SAN FRANCISCO, Calif. (KRON) — You never really know what you’re going to get when you fly off on a rescue mission. I was told there would be two dogs suffering from mange, something I knew very little about. On the ground in Porterville in Tulare County, it was quickly apparent that this nasty skin disease can cause great suffering.
A pit bull named Wally had a red rash showing through his white coat. A little terrier named JR was still in his crate and his injuries weren’t as clear. We loaded them up at took off, aiming the plane back to the Bay Area where they would get treatment. A little puppy was also on the trip. He would be dropped off at his rescue along the way.
As we settled at our cruise altitude, Wally the pit bull seemed relaxed but little JR was scratching every time I turned around.
An hour or so later we’re on the ground in Petaluma where I was met by Shirley Zindler from Dogwood Animal Rescue Project of Sebastopol.
We tried to coax JE out of his crate. He yelped in pain.
Even his buddy Wally seemed to want to help. We got our first good luck at the JR’s condition.
He looked awful. I don’t have a lot of experience with this.
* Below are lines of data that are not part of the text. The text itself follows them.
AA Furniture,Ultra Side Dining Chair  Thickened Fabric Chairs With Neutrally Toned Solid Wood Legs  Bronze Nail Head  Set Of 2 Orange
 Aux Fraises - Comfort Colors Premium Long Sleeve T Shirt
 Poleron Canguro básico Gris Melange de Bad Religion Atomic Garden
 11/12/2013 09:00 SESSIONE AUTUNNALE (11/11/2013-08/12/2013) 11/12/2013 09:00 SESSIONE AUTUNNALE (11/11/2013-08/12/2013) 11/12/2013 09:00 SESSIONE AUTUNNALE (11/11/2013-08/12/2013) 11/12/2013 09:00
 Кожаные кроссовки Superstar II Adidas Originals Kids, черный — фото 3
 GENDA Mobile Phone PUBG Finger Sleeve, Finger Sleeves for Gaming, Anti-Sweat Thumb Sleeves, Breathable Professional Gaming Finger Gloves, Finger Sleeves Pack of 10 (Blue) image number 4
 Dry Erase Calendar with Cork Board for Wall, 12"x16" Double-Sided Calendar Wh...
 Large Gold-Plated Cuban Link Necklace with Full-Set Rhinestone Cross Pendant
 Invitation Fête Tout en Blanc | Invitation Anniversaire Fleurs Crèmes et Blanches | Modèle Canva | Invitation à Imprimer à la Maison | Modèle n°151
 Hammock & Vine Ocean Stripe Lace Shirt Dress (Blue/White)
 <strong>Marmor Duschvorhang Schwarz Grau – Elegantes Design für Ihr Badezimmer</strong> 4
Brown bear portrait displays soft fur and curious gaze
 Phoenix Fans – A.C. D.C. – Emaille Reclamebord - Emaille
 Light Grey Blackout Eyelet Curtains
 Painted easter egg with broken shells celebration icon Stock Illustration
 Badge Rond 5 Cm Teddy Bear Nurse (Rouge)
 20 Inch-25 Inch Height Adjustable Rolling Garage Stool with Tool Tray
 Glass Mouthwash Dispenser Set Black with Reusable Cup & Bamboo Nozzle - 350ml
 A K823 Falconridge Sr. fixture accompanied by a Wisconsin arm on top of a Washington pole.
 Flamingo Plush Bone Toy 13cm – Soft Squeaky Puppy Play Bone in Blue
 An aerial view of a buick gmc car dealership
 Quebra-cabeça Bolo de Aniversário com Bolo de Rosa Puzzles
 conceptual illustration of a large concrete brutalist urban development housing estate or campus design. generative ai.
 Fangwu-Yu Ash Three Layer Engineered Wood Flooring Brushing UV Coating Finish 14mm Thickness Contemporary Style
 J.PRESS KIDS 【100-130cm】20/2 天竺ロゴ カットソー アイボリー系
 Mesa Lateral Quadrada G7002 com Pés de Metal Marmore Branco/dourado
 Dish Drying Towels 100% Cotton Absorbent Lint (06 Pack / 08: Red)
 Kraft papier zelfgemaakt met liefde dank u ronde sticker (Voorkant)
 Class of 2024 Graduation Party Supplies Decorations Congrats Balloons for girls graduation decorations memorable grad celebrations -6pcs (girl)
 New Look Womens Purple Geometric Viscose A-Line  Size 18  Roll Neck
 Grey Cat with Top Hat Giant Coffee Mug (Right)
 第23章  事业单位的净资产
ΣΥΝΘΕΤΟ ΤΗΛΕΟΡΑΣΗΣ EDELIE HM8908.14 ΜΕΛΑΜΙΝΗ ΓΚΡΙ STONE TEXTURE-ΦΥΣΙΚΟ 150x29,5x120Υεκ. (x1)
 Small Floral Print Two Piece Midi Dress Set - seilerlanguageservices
But it’s the worst mange I’ve ever seen.
Shirley Zindler responded, “It’s not the worst, the worst that we’ve seen.”
Indeed, poor little JR had scratched himself raw.
Zindler explained their situation: “The two dogs came to us with Sarcoptic mange. That’s the contagious type that other animals can get and it can actually cause a rash in people. We have to be very careful about handling and treating initially. “
Mites burrow into the dog’s skin, leading to incessant itching.
“The little one, JR, screamed all the way home,” Zindler explained. “I mean he just screamed in discomfort, pain, itchiness, scratching frantically til he bled. His skin was even too raw to bathe initially. So we started immediately the treatment to kill the mites and within a day or two and we also started some anti itch medication for his comfort and pain meds.”
But over time things got much better.
After a day or two Wally and JR were both able to tolerate baths. They still had to be isolated from the other dogs at the rescue.
“They’re both real cuddly dogs so they wanted to be close and we want to embrace them but we’re avoiding close contact. “
Once the pain and itchiness eased, Zindler says the dogs began to show their true personalities.
“Wally the pit bull was always, he loves everybody. He thinks the world’s a beautiful place it was just pretty itchy for awhile. They are doing fabulous. They basically look perfect. JR has, you wouldn’t know anything was wrong. He’s got a beautiful coat of hair. He’s lovely. Wally’s got just a little bit of scarring visible over his back, which considering he’s white and short hair you’re gonna see that a little more. They feel great. “
They’re now both with new families who adopted them and pamper and care for them the way they deserve to be.
And despite their rough start, Zindler says the previous owners did the right thing.
“There’s no deliberate harm meant to these dogs. Their owners actually cared for them very much but they have no money. I mean, no money to seek even veterinary treatment. They reached out for rescue. They wanted help and that’s what we offered and they were aware they weren’t able to care for these dogs and.. they wanted what was best for the dogs and realized they couldn’t offer that.”
Two more dogs who have new homes. Two more families with new companions. Two fewer dogs left suffering.
But more are out there and that means more flights to come.